# WORK TO BE COMPLETED
Drop the pictures and repeat exactly from the "Photo of Outdoor in Tiny" line down to the last line of the entries below.

# TASK DATA
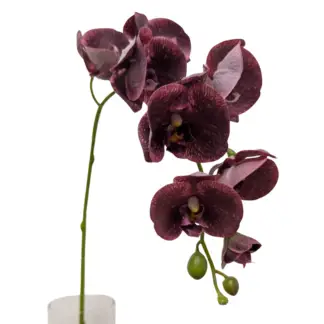 7 Bloom Burgundy Real Feel Orchid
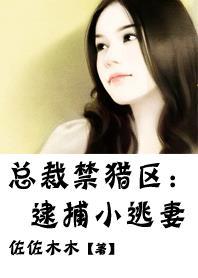 总裁猎捕小逃妻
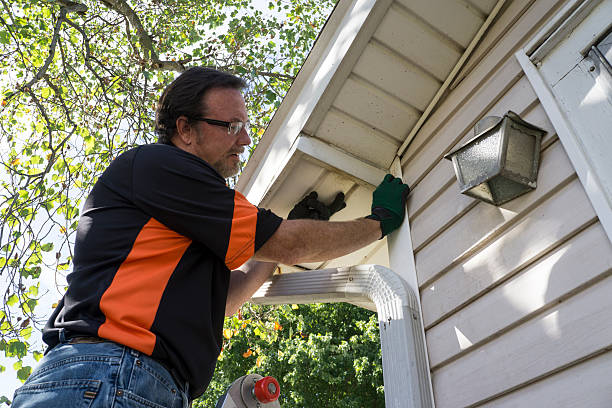 ### Siding for New Construction in Washington, DC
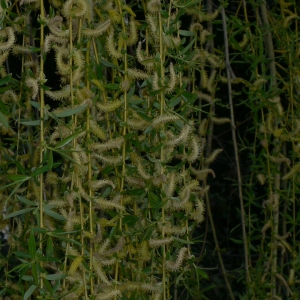 Photographie n°25680 du taxon Salix babylonica L. [1753]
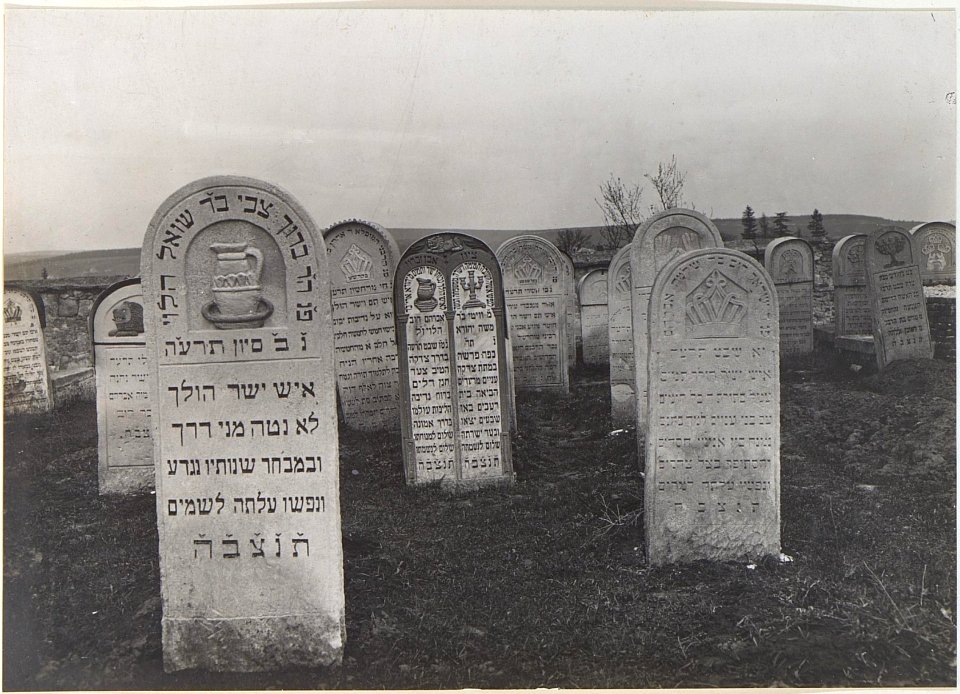 Jüdischer Friedhof in Brzezany (BildID 15438453)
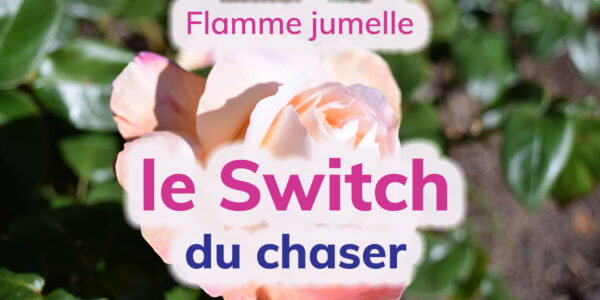Flamme jumelle : le switch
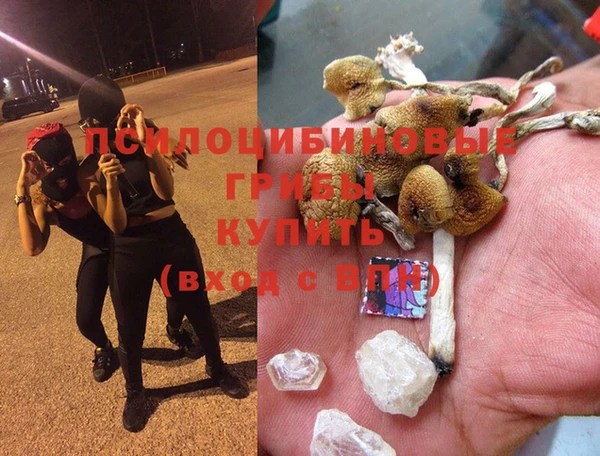 гидропоника Абинск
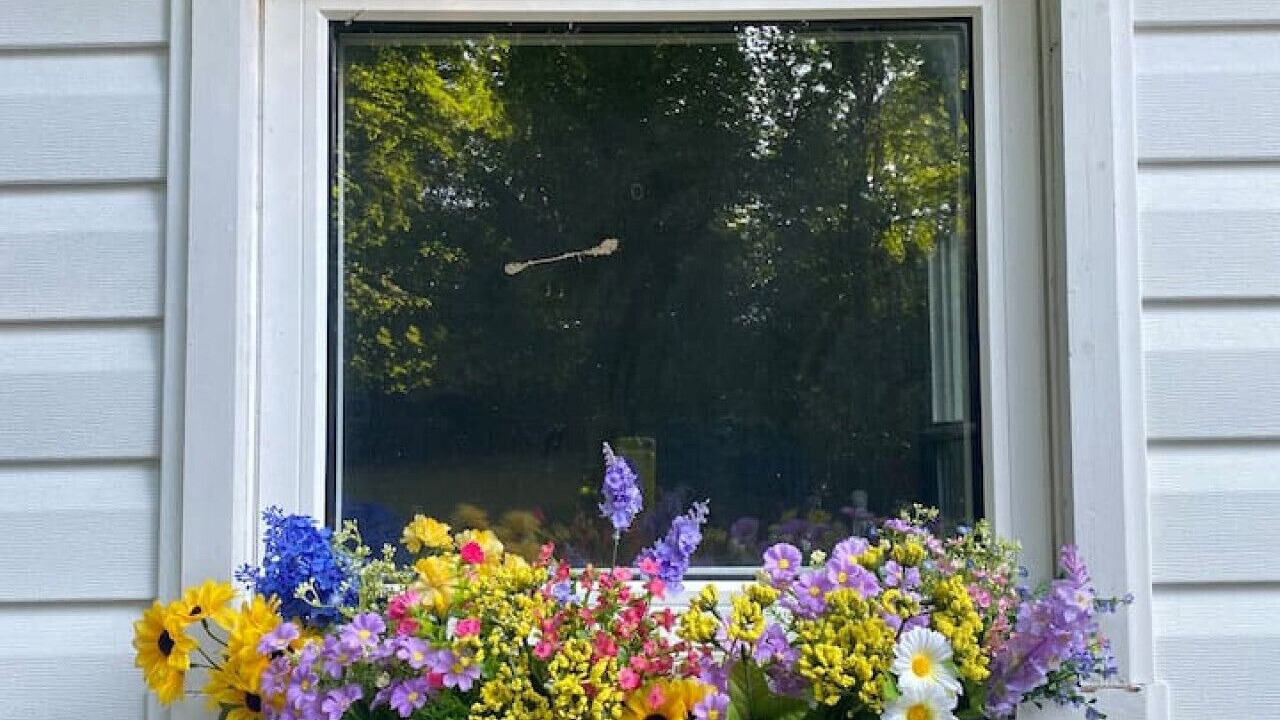 Photo of Outdoor in Tiny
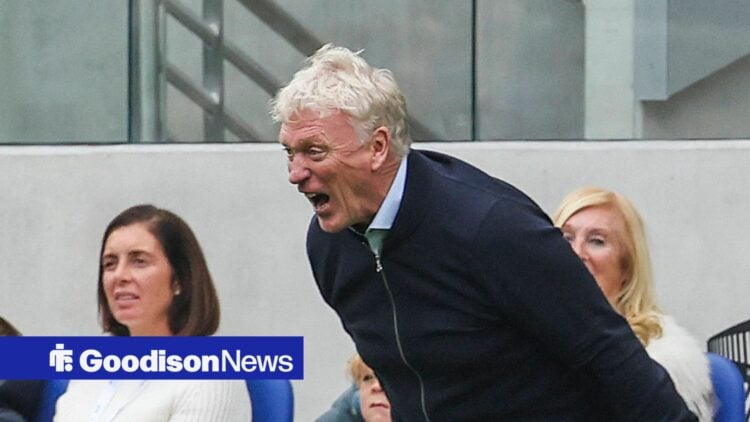 David Moyes shouts inside Hill Dickinson Stadium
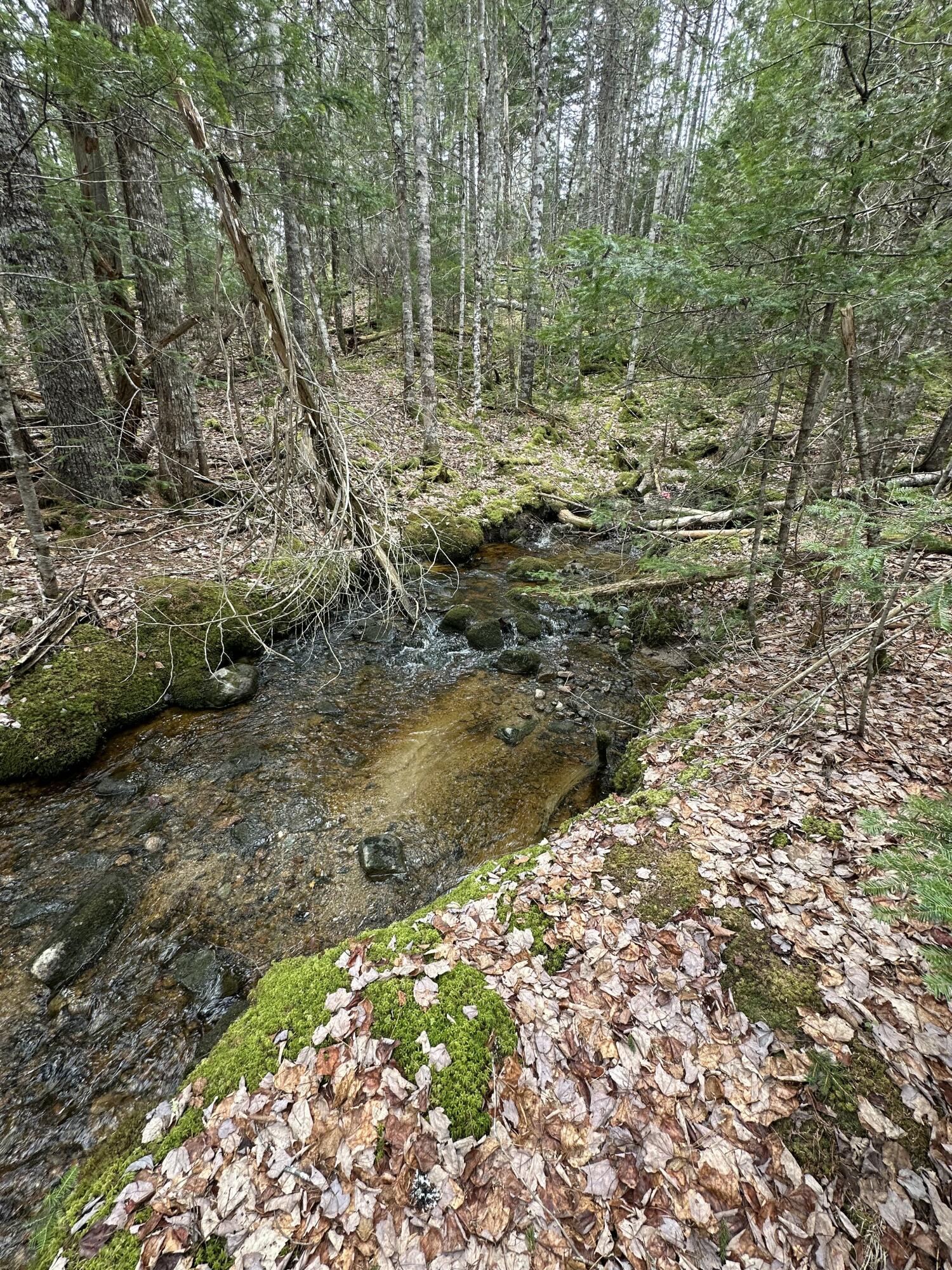 82 Station Road Jonesboro, ME 04648 - Photo 87 of 103 Brook- Just behind the house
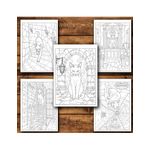 Carti si Birotica - Carti - Carti pentru copii - Carti de colorat - Carte de colorat, 50 de ilustratii Pisici Malefice - Volumul II, 106 pagini, A5 - Infinity.ro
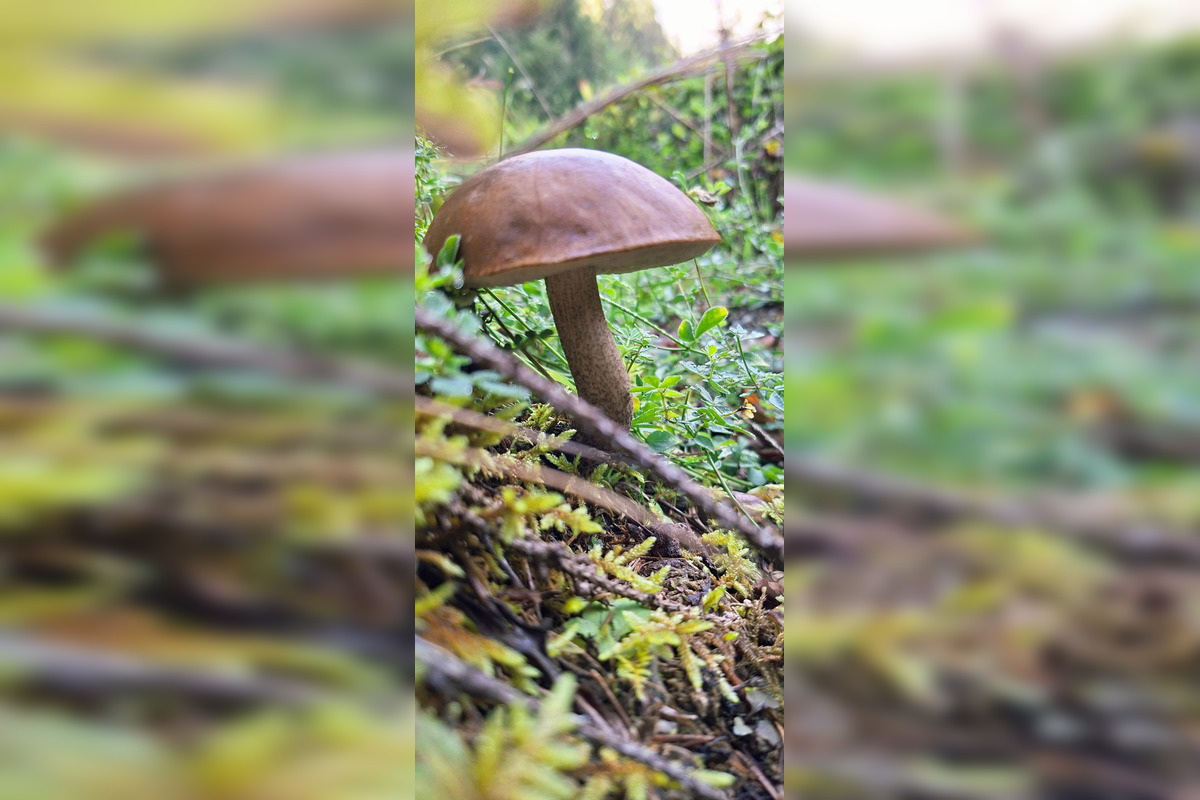 FOTO: Hubári z Banskobystrického kraja sa chvália svojimi úlovkami, foto 16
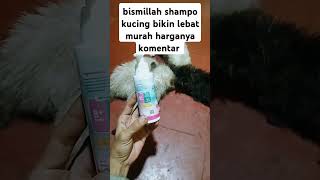 bismillah shampo kucing bikin lebat murah harga 50 ribu #short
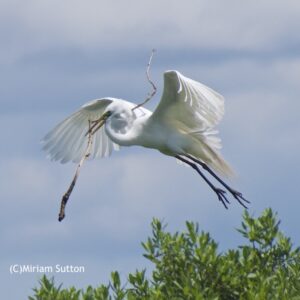 Egret Branching Out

# REPLY TO THE TASK
 Photo of Outdoor in Tiny
 David Moyes shouts inside Hill Dickinson Stadium
 82 Station Road Jonesboro, ME 04648 - Photo 87 of 103 Brook- Just behind the house
 Carti si Birotica - Carti - Carti pentru copii - Carti de colorat - Carte de colorat, 50 de ilustratii Pisici Malefice - Volumul II, 106 pagini, A5 - Infinity.ro
 FOTO: Hubári z Banskobystrického kraja sa chvália svojimi úlovkami, foto 16
 bismillah shampo kucing bikin lebat murah harga 50 ribu #short
 Egret Branching Out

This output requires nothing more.